Un jeu sans règles:
l’impérialisme juridique contre la Russie (I)

Valentin Katasonov

Valentin Katasonov

Par Valentin Katasonov – Le 17 février 2015 – Source strategic-culture

Le terme d’impérialisme juridique a été inventé en rapport à la dette publique de l’Argentine. La Cour d’un tribunal de New York a admis un certain nombre de plaintes privées pour rendre un verdict en leur faveur contre l’Argentine. Par un tour de passe-passe le juge a augmenté la dette du pays de 120 milliards de dollars, selon les estimations des experts. L’essence de l’impérialisme juridique est le soutien apporté par le système juridique anglo-saxon aux vautours de la finance.

Les fonds financiers vautours contre l’Argentine sous l’égide d’une Themis américaine.

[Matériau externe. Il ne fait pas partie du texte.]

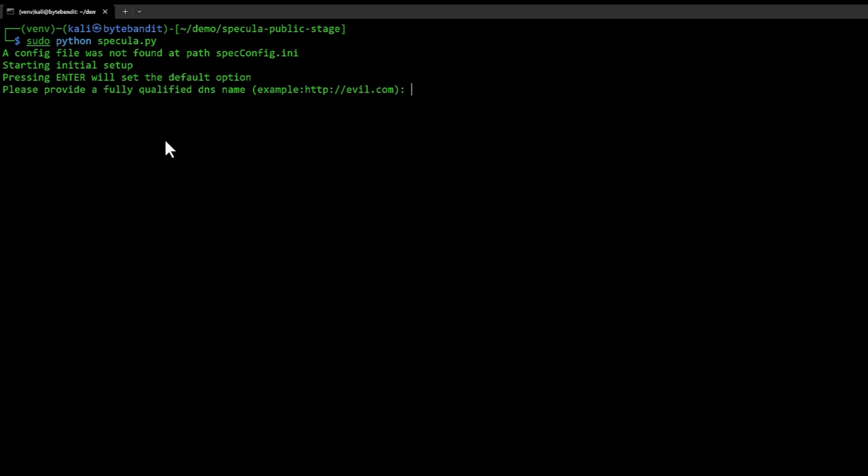Since this is the first time we are running this it will ask for details about the setup. Here we need to specify the fully qualified DNS name. This can also be changed afterwards if you need to add DNS names later on or something you can do that later in a config file. But for now we are going to point this at the IP address of my system.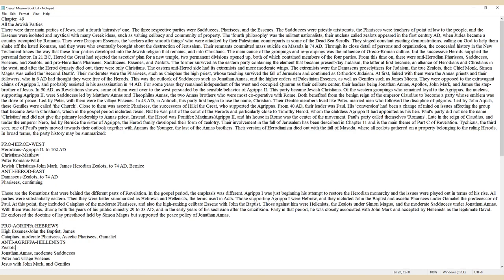Through its close detail of persons and organization, the concealed history in the New Testament traces the way that these four parties developed into the Jewish religion that remains, and into Christians.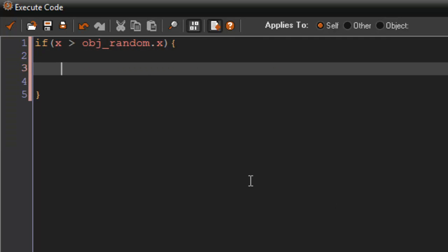Put some curly braces in there. So if our x position is greater than OBJ_random.x, that means we're more to the right than that random little thing there is, so that means image_index is going to equal 1.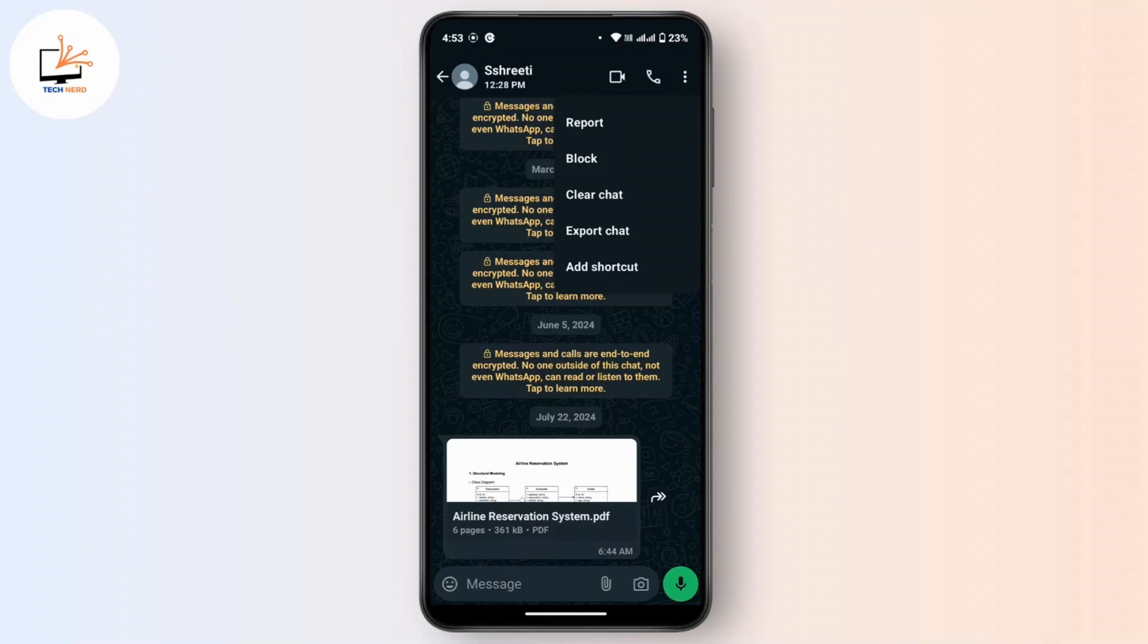Once you do that, all your chat in WhatsApp will get deleted and then this contact will be removed from your frequently contacted on WhatsApp.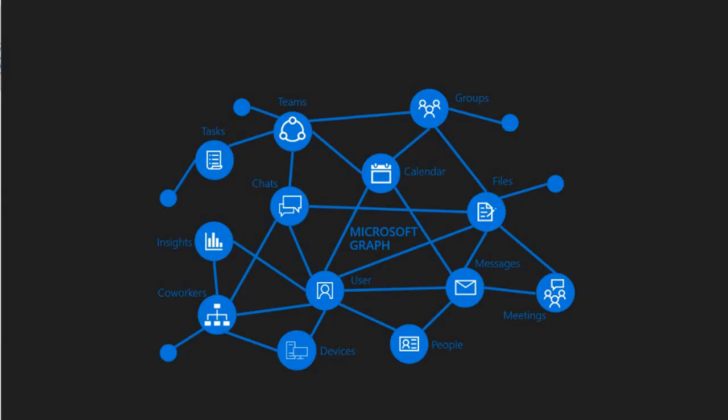So guys, in our earlier diagram we have seen the products that belong to Microsoft 365 umbrella. Now all these products are hosted on the cloud. Now if you want to grab the information from these resources, how will you do that? We must need a mechanism by which you can access these resources and grab the information about these resources whenever needed.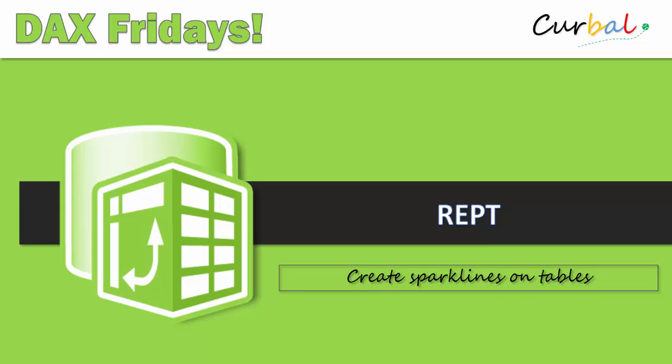Hello and good evening! This is Rut Paswello from Curval.com and today is time again for DAX Fridays.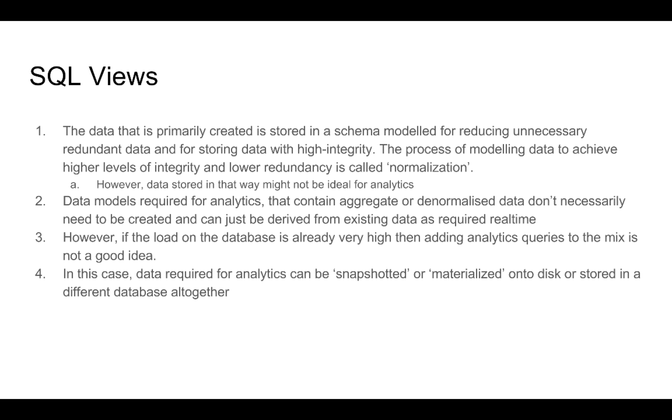If you think about this in a little more detail, when we did the data modeling for actually creating and storing our data, our bias was to create a schema or a set of data models that reduce redundancy and increase the amount of integrity that we have. This process of trying to achieve a higher level of integrity and lower amount of redundancy is called normalization.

Tout a commencé en 2001. L’Argentine a dû déclarer un défaut souverain sur environ 130 milliards de dollars. C’était le plus grand défaut sur la dette souveraine dans l’Histoire. Les négociations sur la restructuration ont commencé. En conséquence, les prêteurs ont accepté de radier la majeure partie de celle-ci (75%) et de modifier les conditions pour rembourser le reste. Certains créanciers obligataires en possession d’environ 4 milliards de dollars d’obligations argentines ont refusé de se conformer aux termes des accords. Cela comprenait un petit groupe de fonds spéculatifs détenant plus de $ 1,3 milliards d’obligations dirigé par Elliott Management Corp du milliardaire Paul Singer. Les hedge funds ont déjà gagné la réputation de vautours financiers. Ils ont acquis les obligations des États qui étaient sur le point de faire faillite sur leur dette ou celles déjà en défaut, puis ont exigé 100% du paiement en refusant d’accepter les compromis. L’audace est justifiée par le fait qu’ils gagnent normalement les procès dans lesquels ils exigent l’intégralité du paiement sur les obligations.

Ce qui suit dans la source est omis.